To actually answer your question i do seated military press from squat rack if the normal seated press is taken (the one that supports the bar so you dont have to pick it up from the floor), this way i dont have to flip it up to my shoulders and sit back down with it by using just a normal chair

Also i sometimes use it to place a barbell on it for rows (saving picking it up from the floor)

If you feel the added hight of a power rack for picking up a bar for barbell curls helps you then fine for you! but to me i dont see the point as the maxium i can barbell curl is 135lbs for a few reps but i can deadlift 440lbs so picking it up is easy.

Nothing is stupid if it serves a purpose that helps you in your workouts


----------



## buildingup (Sep 1, 2005)

HardTrainer said:
			
		

> HI
> 
> To actually answer your question i do seated military press from squat rack if the normal seated press is taken (the one that supports the bar so you dont have to pick it up from the floor), this way i dont have to flip it up to my shoulders and sit back down with it.
> 
> ...




yeh it is stupid cos other people dont like cocks taking up a piece of equipment which has the sole purpose of squats not pussy barbell curling!


----------



## PTYP (Sep 1, 2005)

Yanick pretty much summed it up. The only place in the gym to do a squat safely is in the squat rack whereas a curl can be done anywhere. The fact that the squat rack is open is a moot point.


----------



## Yanick (Sep 1, 2005)

PTYP said:
			
		

> Yanick pretty much summed it up. The only place in the gym to do a squat safely is in the squat rack whereas a curl can be done anywhere. The fact that the squat rack is open is a moot point.

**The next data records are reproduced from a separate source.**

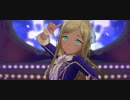 [デレステMV] お願い！シンデレラ(ライラソロ.ver) [ライラ,一ノ瀬志希,佐藤心,鷹富士茄子,鷺沢文香]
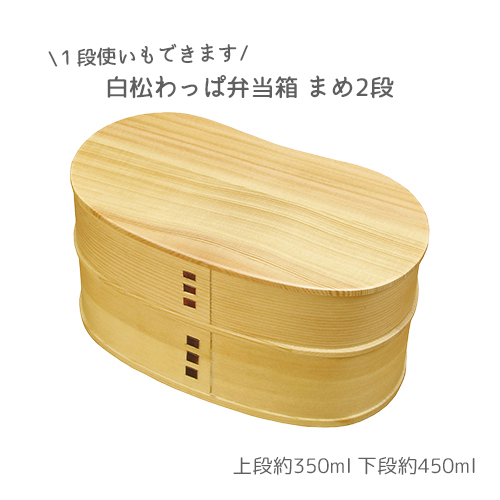 白松わっぱ弁当箱 まめ2段木製お弁当箱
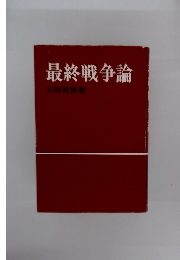 最終戦争論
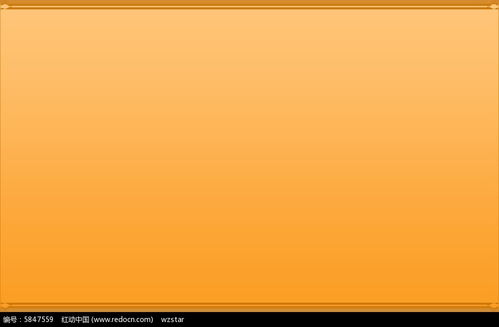 温暖橙色背景图片jpg格式图片免费下载 编号5847559 红动网 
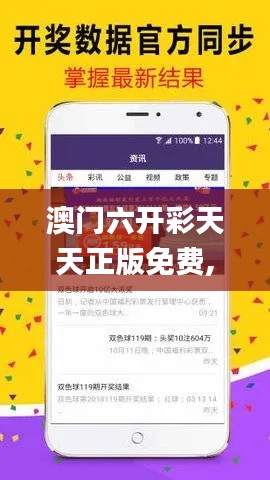 澳門六開彩天天正版免費,前沿解答解釋定義_專業版9.623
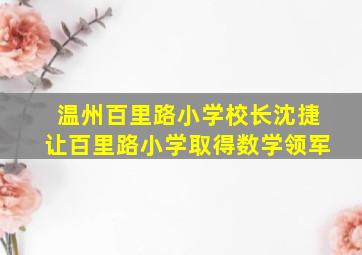 温州百里路小学校长沈捷让百里路小学取得数学领军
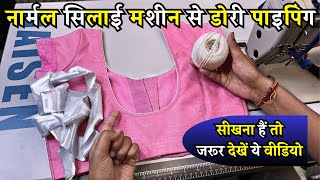 सिर्फ 5 मिनट में सीखें डोरी पाइपिंग लगाने का सबसे सरल तरीका | How To Make Dori Piping In 5 Minutes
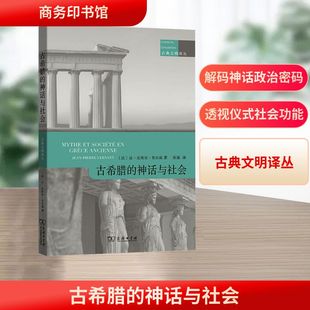 【国图书店】古希腊的神话与社会(法)让-皮埃尔·韦尔南 著 著 张强 译 译9787100255103全新正版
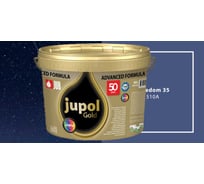 Моющаяся краска для стен и потолков JUB JUPOL GOLD 2л, база C, цвет: 510A 1009805-510A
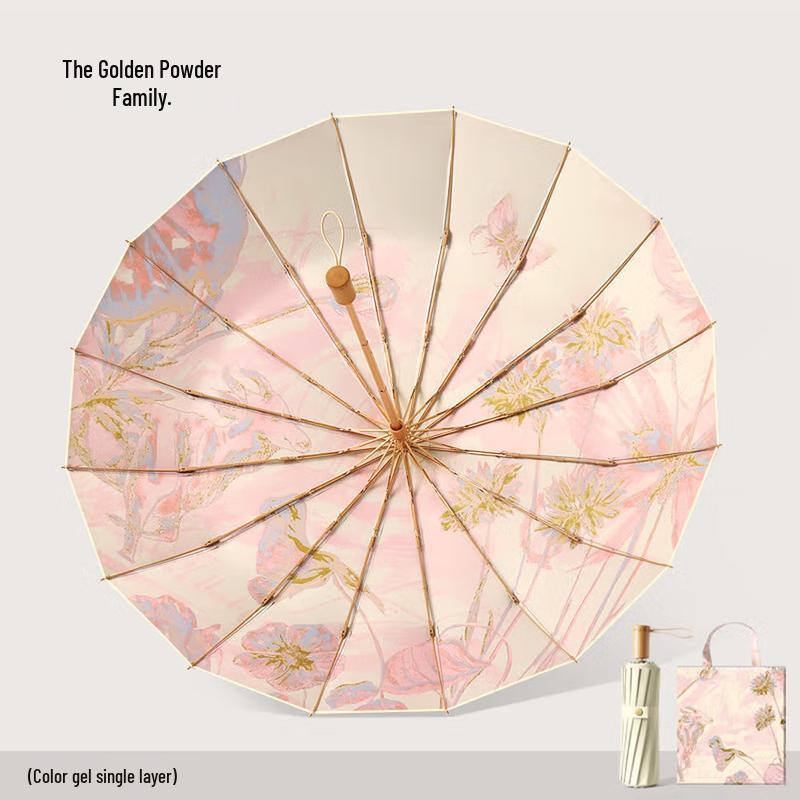 XuQing 16-Rib Digital Print Foldable UV Umbrella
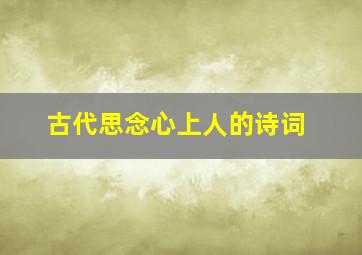 古代思念心上人的诗词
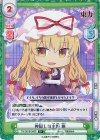  TH/001B-045S R+ 神隠しの主犯 紫(再録版) 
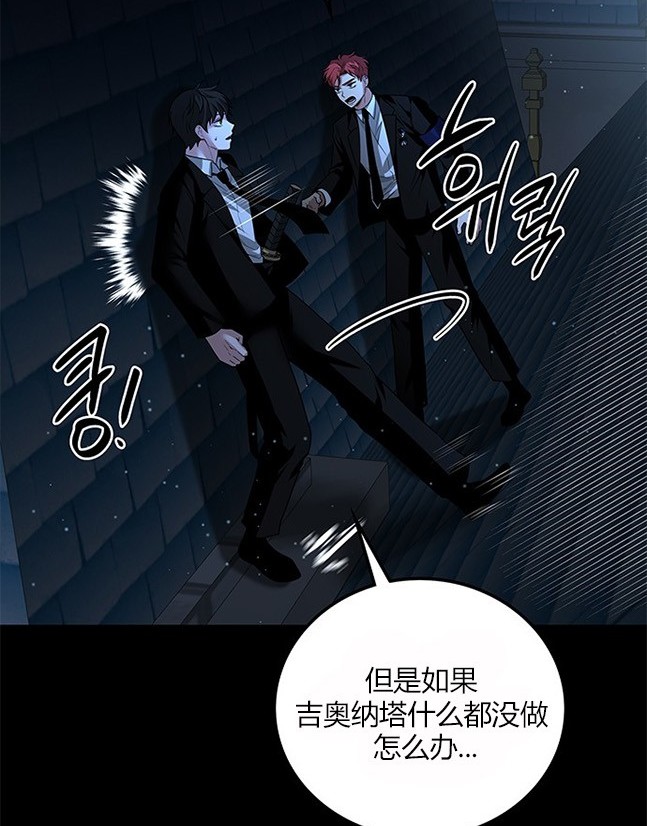 第 105 页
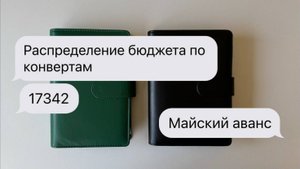 #5 Распределение по системе конвертов | Майский аванс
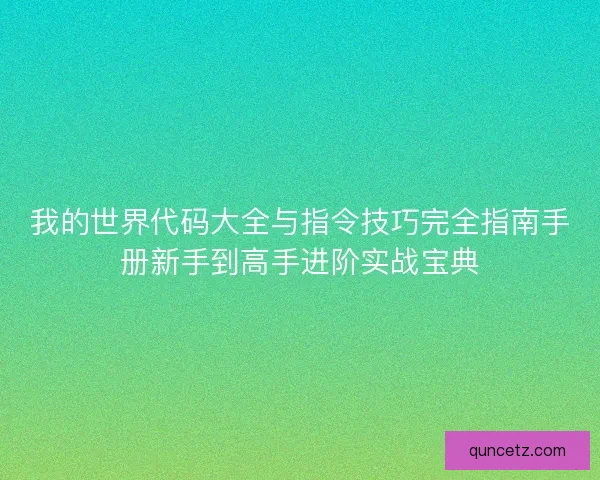 我的世界代码大全与指令技巧完全指南手册新手到高手进阶实战宝典 我的世界代码大全与指令技巧完全指南手册新手到高手进阶实战宝典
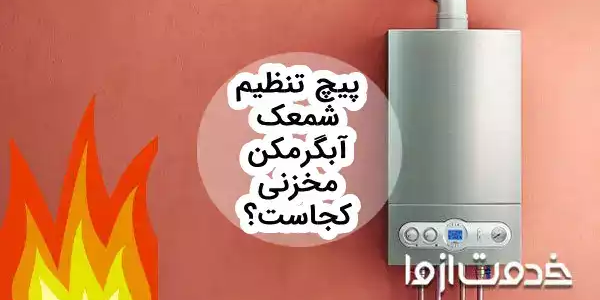 مراحل تنظیم شعله آبگرمکن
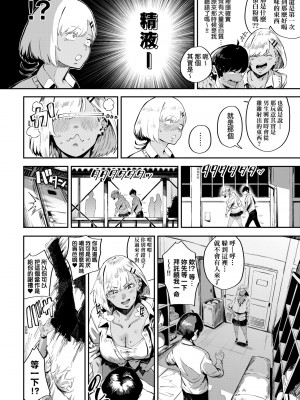 [ねいさん] ヴァージンイーターズ｜性癖全開童貞吞噬者 [中国翻訳] [ [DL版]_175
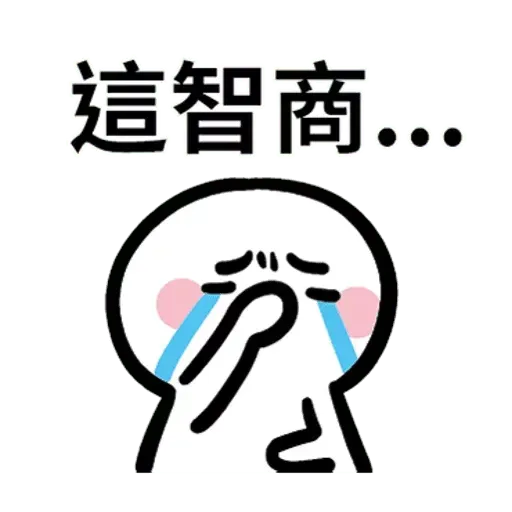 Chinese 豆 - Sticker 14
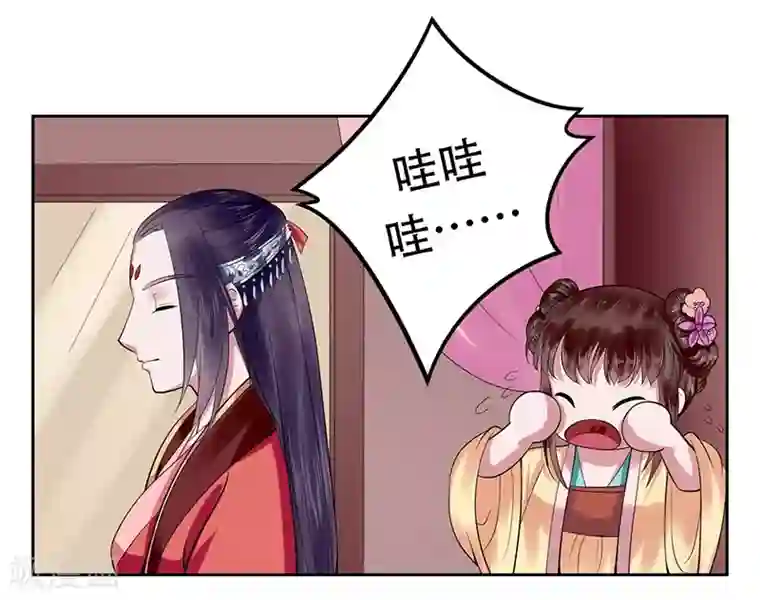 王爷想洞房：魅惑王妃第22话 冰莹替嫁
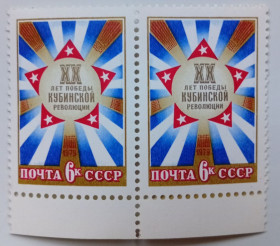 СРСР - СССР - ^/--/^ СССР 1979 20 лет победы Кубинской революции, сцепка, MNH ^_^^^ СРСР 1979 20 років перемоги Кубинської революції, зчіпка, MNH - фото фото фото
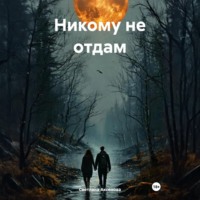 Никому не отдам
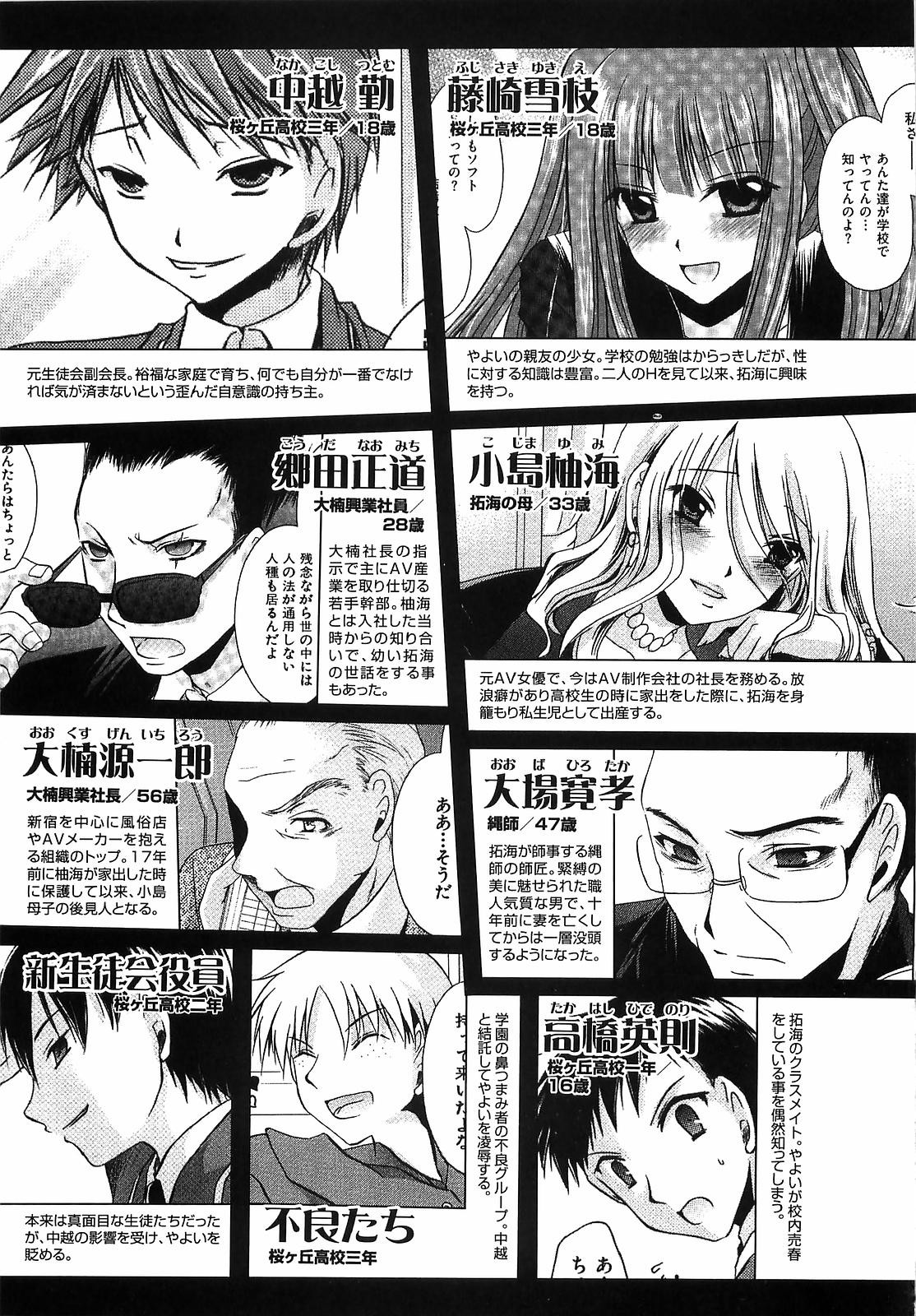 Hentai Manga Comic-LOVE & HATE 3 ~ENGAGE~-Read-227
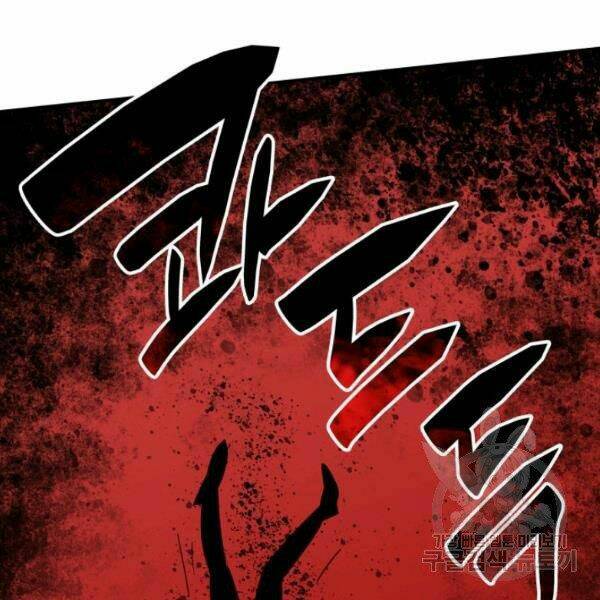 Tôi Là Lính Mới - Chapter 62 - Page 75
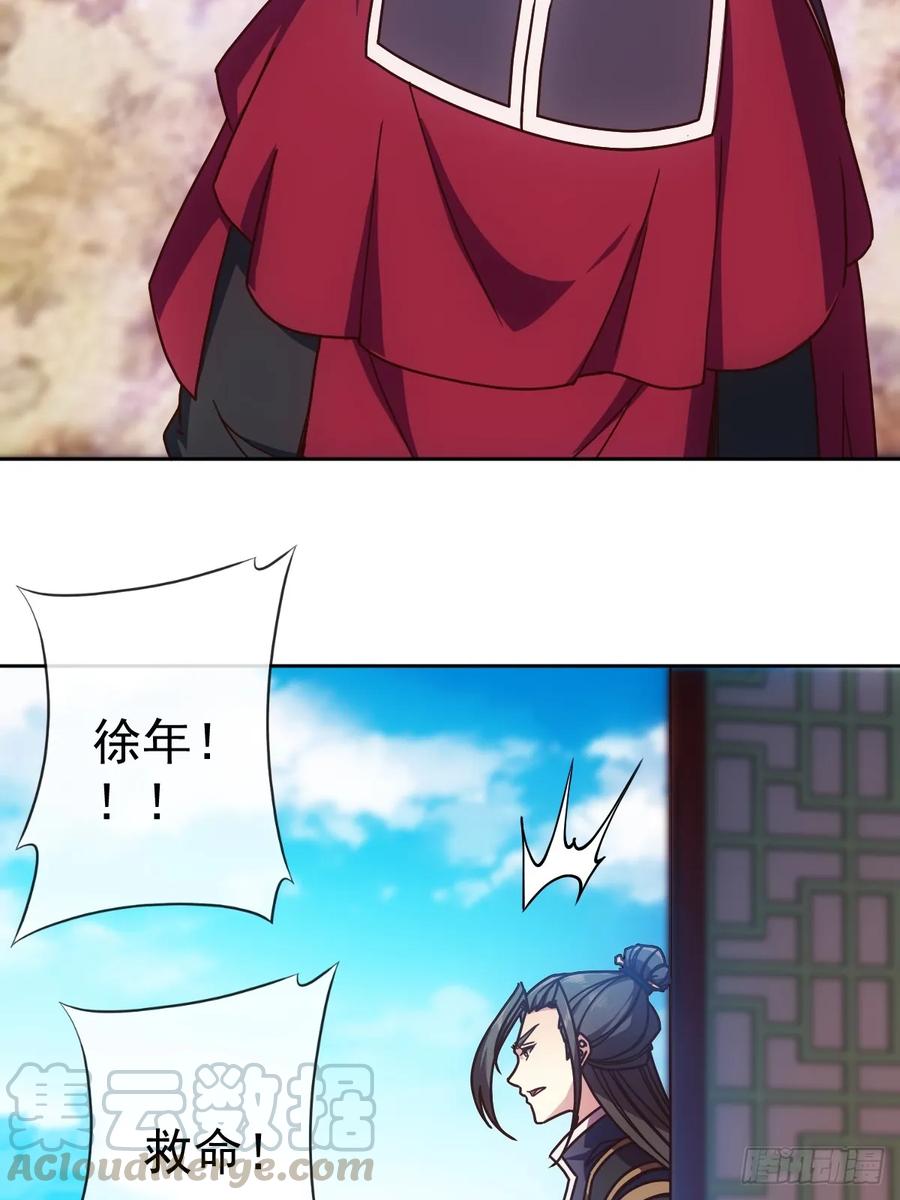 第96话：月桂图30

exactly. people freak out when i dump a missed 405 onto the pins, and one time i almost got kicked out of the gym for dumping 405 onto the floor cause some dipshit was curling with an empty bar in the cage and i had to use the rack.


----------



## seabee (Sep 1, 2005)

I do BB curls at the squat machine if it is empty.  After nearly 10 years at this, I'm finding that looking good gives you leverage in the gym game.  There are very few guys left who look the part that can or will say something.  Also, guys at this level really don't give a shit.  The fact is, anyone can knock out a few sets of heavy BB curls in 5 mins.  If you're hanging out at the squat rack, then that is weak.


----------



## turbine5 (Sep 1, 2005)

seabee said:
			
		

> I do BB curls at the squat machine if it is empty.  After nearly 10 years at this, I'm finding that looking good gives you leverage in the gym game.  There are very few guys left who look the part that can or will say something.  Also, guys at this level really don't give a shit.  The fact is, anyone can knock out a few sets of heavy BB curls in 5 mins.  If you're hanging out at the squat rack, then that is weak.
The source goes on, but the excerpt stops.